Artist and urban planner, Candy Chang, went through a long process of grief, depression and existential confusion after the death of her close friend Joan, who had acted as a mother to her for 15 years but she found death also gave her perspective. This one sudden, calamitous event threw Candy in a new direction in her work.
Much of Candy’s work was focused on finding creative ways to use public spaces to connect us to our neighbourhoods, to our communities and to each other through interactive art. Mostly her canvases were unused, empty and abandoned spaces, prompting people to re-imagine what was possible there. After Joan’s death Candy’s work moved away from a civic utilitarian view of public space and took a turn for the more philosophical. Candy started asking the questions like, how can public spaces allow us to share our vulnerabilities and struggles? How can we be introspective together? And how can our public spaces become more nourishing to our wellbeing and mental health?
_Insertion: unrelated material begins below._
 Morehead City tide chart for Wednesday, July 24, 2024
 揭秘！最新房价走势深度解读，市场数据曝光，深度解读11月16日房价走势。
In the midst of her grief, Candy painted the side of an abandoned building with chalkboard paint and stencilled the words ‘Before I die I want to…’ on the wall 80 times, with space for anyone who walked by to finish the sentence. By the next day the wall was overflowing with thoughtful, poignant, tragic and funny contributions, such as, “sing for millions”, “plant a tree”, “hold her one more time”, “eat more everything”, “abandon all insecurities”.
Three years later there are around 300 ‘Before I die’ walls in over 60 countries. People began reproducing the project after Candy made free tools available on her website.
“It’s been the greatest experience of my life to see this little experiment igrow into a global project,” Candy says.
Since then, Candy has written many different contributions on many walls, but, “Right now… Before I die I want to write a bedtime story. I love fables like The Little Prince and I aspire to make something as poetic and timeless as that.”
For Candy, the walls have allowed her to reaffirm her priorities in life.
“Regularly thinking about death has brought clarity to my life and helped me maintain perspective. None of us know how much time we have left and I think it’s really easy to postpone our deepest needs. It’s easy to take the people we love for granted and it’s far too easy to neglect our relationship with ourselves.
“In our age of increasing distractions I think it’s more important than ever to remember our life is brief and tender. Regularly contemplating death as stoics and other philosophers have encouraged for a long time, is a powerful tool to restore perspective and remember the things that make your life meaningful to you.”